Austrian puppeteer (1677–1721)

Johann Baptist Hilverding (19 December 1677 - 28/29 August 1721) was an Austrian puppeteer, actor and theatre manager. His surname is sometimes also spelled Helferting, Hübfertin, Hielferding, Hilluerding or Höllwerding.

==Life==
He was born in Salzburg, to Johann Peter Hilverding, a puppeteer and court comedian in that city. He spent his childhood there until in 1685 he joined a tour to Vienna. He performed as a puppeteer in Vienna in 1698 and soon afterwards married Margarethe Maria Roset, from a wealthy family of showmen. The couple then toured to Dresden (1699), Frankfurt am Main and Prague, later also touring to Cologne and St. Gallen (1702). As a distiller Hilverding acquired citizenship of Vienna.

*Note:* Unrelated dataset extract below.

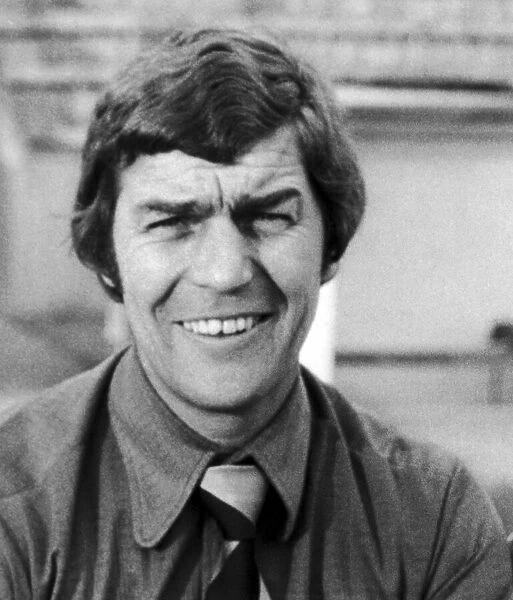Geoff Coleman, Nuneaton Borough FC Manager. 19th August 1974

His intensive collaboration with Joseph Anton Stranitzky led to the 1705-1707 foundation of the first theatrical enterprise in Vienna, which was interrupted by the official mourning after the deaths of Leopold I and Joseph I. He was part of the reopened Kärntnerthortheater from 1714 onwards, sharing its lease with Stranitzky from 1716 to 1718. After the theatre was ceded to rival Italian actors from 1719 onwards Hilverding and P. J. Tilly went to Augsburg until the distribution of privileges was clarified, where Gottfried Prehauser joined the troupe. After that they performed in Ulm and Breslau, where they spent the winter following a cancellation from Prague. After a long wait, the imperial privilege finally summoned him back to the Kärntnertor Theatre. Hilverding focused primarily on renewing the repertoire by acquiring numerous opera libretti and commissioning F. B. Werner to translate them "in a comic-theatrical style".

He died of a stroke in a carriage en route between Unterwaltersdorf and Vienna, probably near Velm or Moosbrunn, leaving his widow (who later married Prehauser) and ten children an estate of 5,246 guilders and 6 kreuzers. He was buried in Velm cemetery on 29 August 1721.

== Work ==
Hilverding evolved from a successful puppeteer into a theatre director. Alongside his collaboration with Stranitzky, he continued working as a puppeteer at least until the death of Joseph I, so that during the years of mourning and plague from 1711 to 1713 he was forced to travel from place to place as a puppeteer. At the Kärntnertor Theater, he later excelled in the role of Anselmo. His efforts to expand and renew the repertoire through the adaptation of opera libretti were later continued, primarily by Heinrich Rademin.